Code Snippet Illustrating Key Interaction
Broadcasting a cache action (e.g., adding a key) to the Kafka topic synchronously:
private void broadcastAction(String key, CacheAction action) {
// Send a Kafka record with key as message ID and value as action string
producer.send(new ProducerRecord<>(topic, key, action.toString())).get();
}
Consuming and applying cache updates from Kafka topic:
private void addToCache(ConsumerRecord<String, String> consumerRecord) {
CacheAction action = CacheAction.valueOf(consumerRecord.value());
String messageId = consumerRecord.key();
switch (action) {
case add -> cache.put(messageId, messageId);
case remove -> cache.remove(messageId);
case clear -> cache.clear();
default -> throw new IllegalArgumentException("Unknown action");
}
}
Starting cache synchronization on service start:
@Override
protected void doStart() throws Exception {
// initialize cache and Kafka consumer and producer...

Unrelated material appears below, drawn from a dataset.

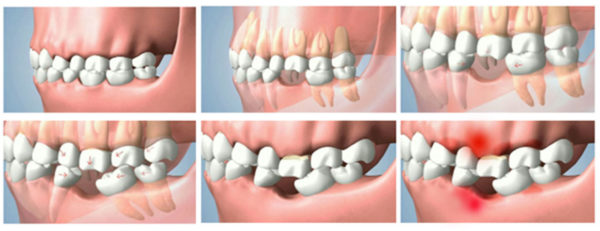Сложное протезирование при утрате зубов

poller = new TopicPoller();
ServiceHelper.startService(poller);
// Synchronously populate cache by consuming entire topic history
poller.run();
if (!startupOnly) {
// start continuous background synchronization
executorService = camelContext.getExecutorServiceManager().newSingleThreadExecutor(this, "KafkaIdempotentRepositorySync");
executorService.submit(poller);
}
}
Diagram: Cache Synchronization Process Flow
flowchart TD
Start[Start Repository] --> InitCache[Initialize Local Cache]
InitCache --> ConsumeAll[Consume Entire Kafka Topic from Beginning]

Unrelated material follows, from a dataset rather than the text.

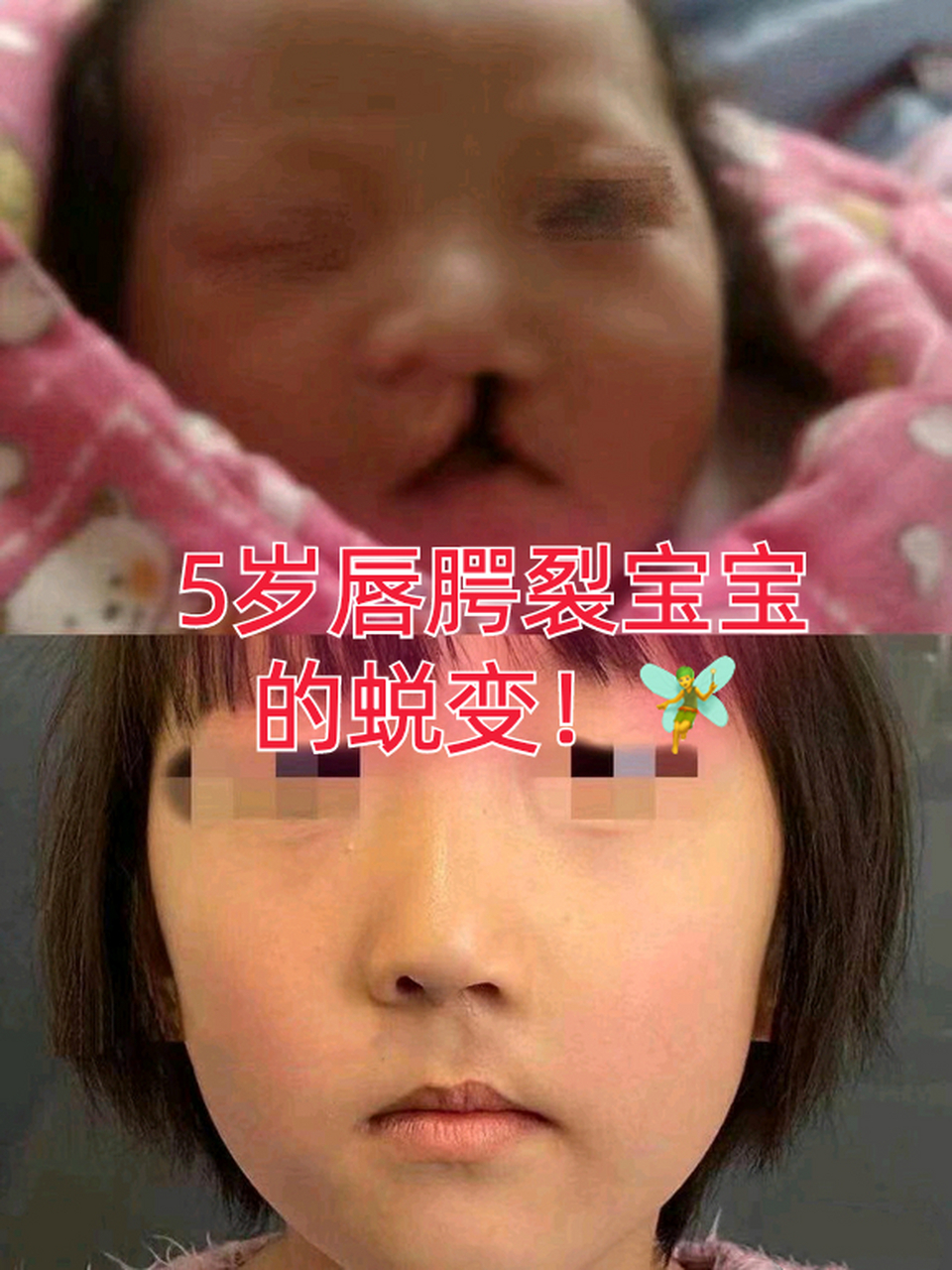 唇裂5毫米出生后样子图片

ConsumeAll --> PopulateCache[Populate Local Cache with Actions]
PopulateCache --> StartPoller[Start Background Poller (if not startupOnly)]
StartPoller --> PollLoop[Poll Kafka Topic for Cache Updates]

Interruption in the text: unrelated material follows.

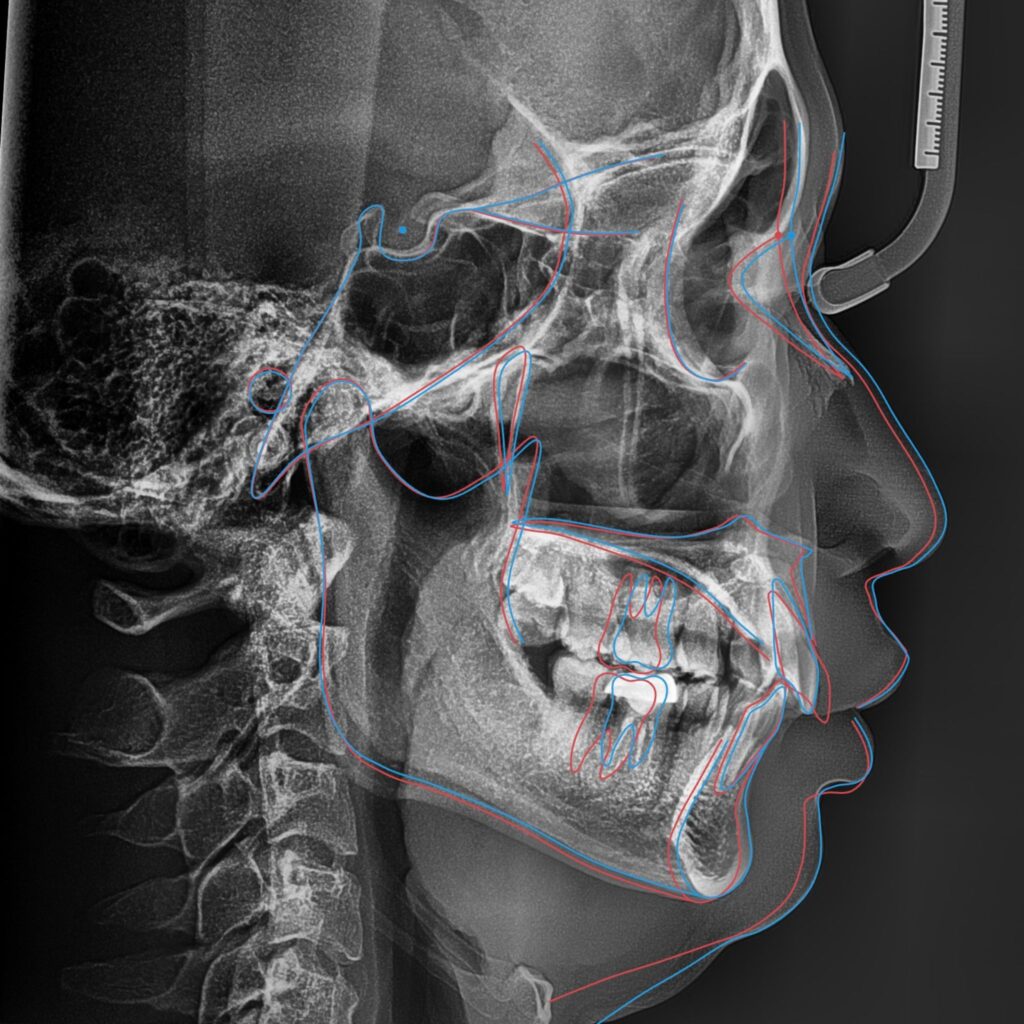 vai tro ke hoach nieng rang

PollLoop --> ApplyUpdate[Apply Cache Actions (add/remove/clear)]
PollLoop --> PollLoop
UserActionAdd[Add Message ID] --> UpdateLocal[Update Local Cache]
UpdateLocal --> BroadcastAdd[Broadcast 'add' Action to Kafka Topic]
BroadcastAdd --> PollLoop
UserActionRemove[Remove Message ID] --> UpdateLocalRemove[Update Local Cache]
UpdateLocalRemove --> BroadcastRemove[Broadcast 'remove' Action to Kafka Topic]
BroadcastRemove --> PollLoop
UserActionClear[Clear Cache] --> ClearLocal[Clear Local Cache]
ClearLocal --> BroadcastClear[Broadcast 'clear' Action to Kafka Topic]
BroadcastClear --> PollLoop
This flowchart highlights the core synchronization cycle:
On startup, the repository replays all past cache mutations by consuming the entire topic to build the local cache.
Unless configured to sync only once, a background poller continues reading new cache state changes published by any cluster node.
User operations locally update the cache and broadcast their changes, which in turn are consumed by all nodes to keep caches aligned.
Cache Synchronization ensures that the Kafka-backed idempotent repository operates correctly and consistently in distributed environments by leveraging Kafka’s durable, ordered messaging as a shared state channel for cache mutations. This architectural choice enables high availability and fault tolerance while maintaining efficient local deduplication through caching.